== How to complete this task ==
Please give back word for word the lines of the material below between the line containing "Akrilna boja s" and the line containing "KPM4809 Zlin C-106 repülőgép makett 1/48", inclusive.

== Material supplied ==
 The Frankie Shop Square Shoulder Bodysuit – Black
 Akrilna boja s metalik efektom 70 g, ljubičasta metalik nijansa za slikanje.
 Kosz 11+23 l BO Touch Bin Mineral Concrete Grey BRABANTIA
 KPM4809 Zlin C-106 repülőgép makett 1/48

--

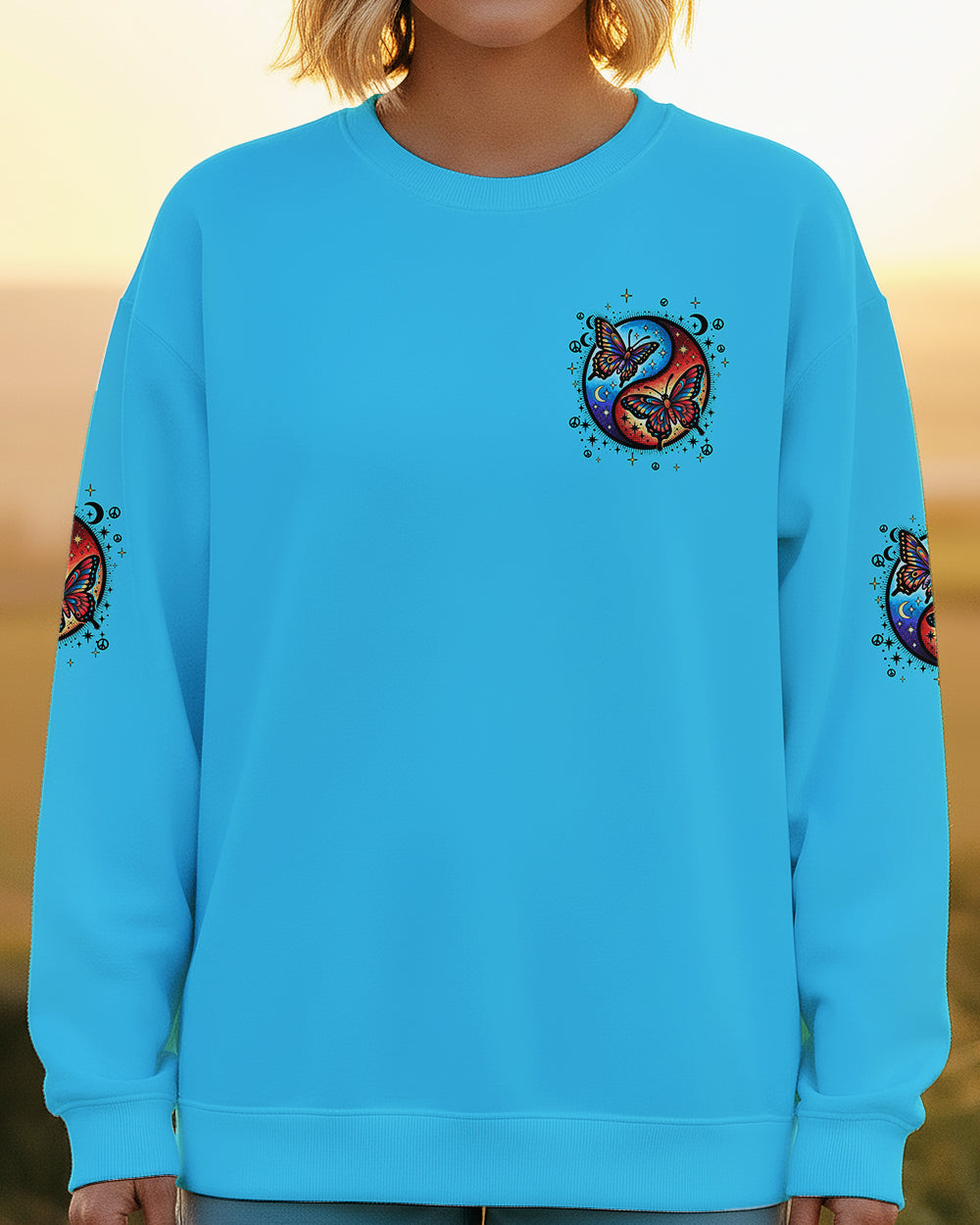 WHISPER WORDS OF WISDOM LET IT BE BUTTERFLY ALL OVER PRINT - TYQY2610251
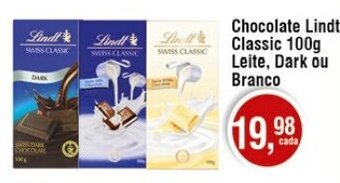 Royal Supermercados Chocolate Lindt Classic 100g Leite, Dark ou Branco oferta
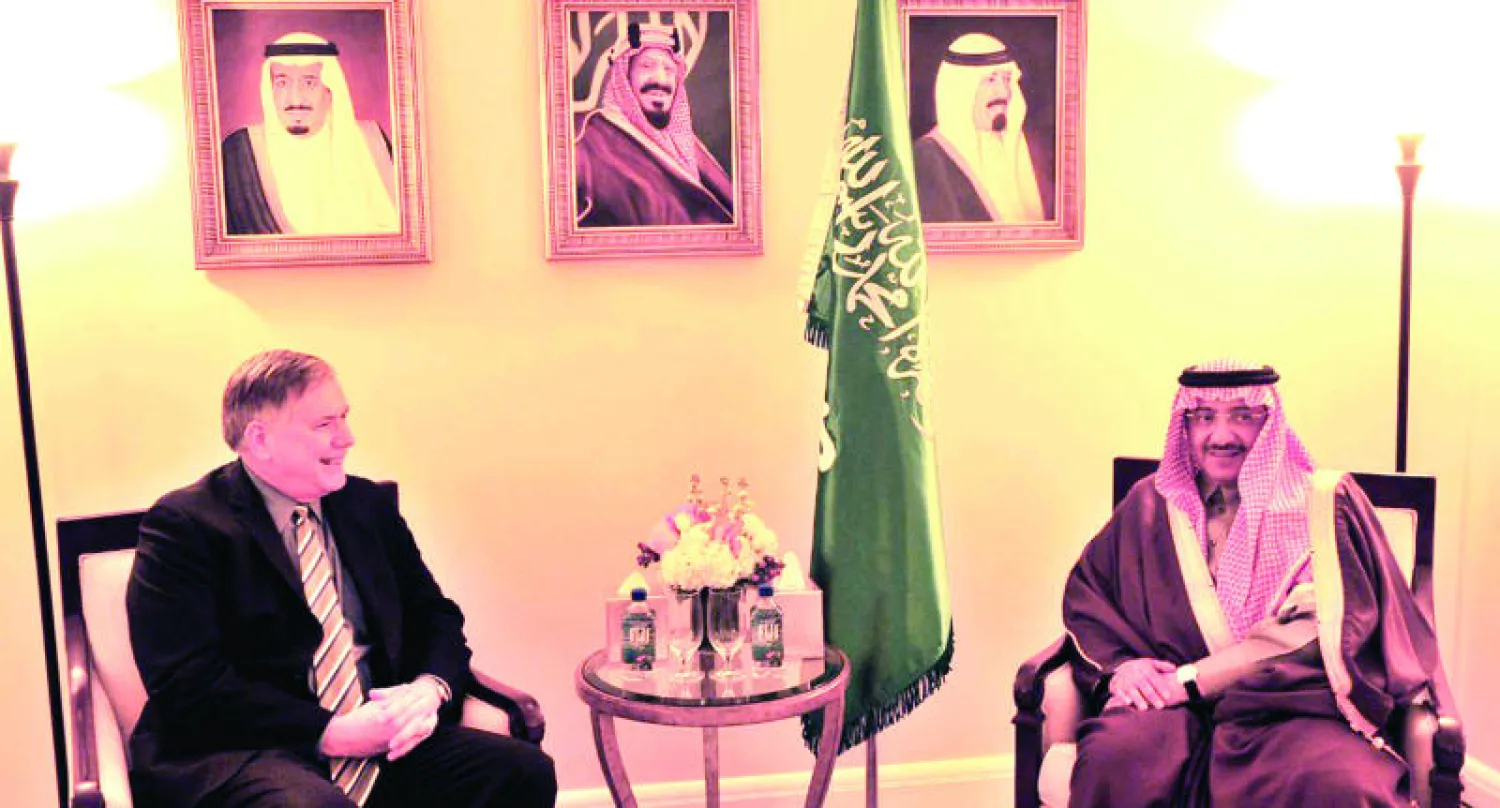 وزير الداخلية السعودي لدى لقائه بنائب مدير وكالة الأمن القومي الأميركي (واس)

== Answer box ==
 Akrilna boja s metalik efektom 70 g, ljubičasta metalik nijansa za slikanje.
 Kosz 11+23 l BO Touch Bin Mineral Concrete Grey BRABANTIA
 KPM4809 Zlin C-106 repülőgép makett 1/48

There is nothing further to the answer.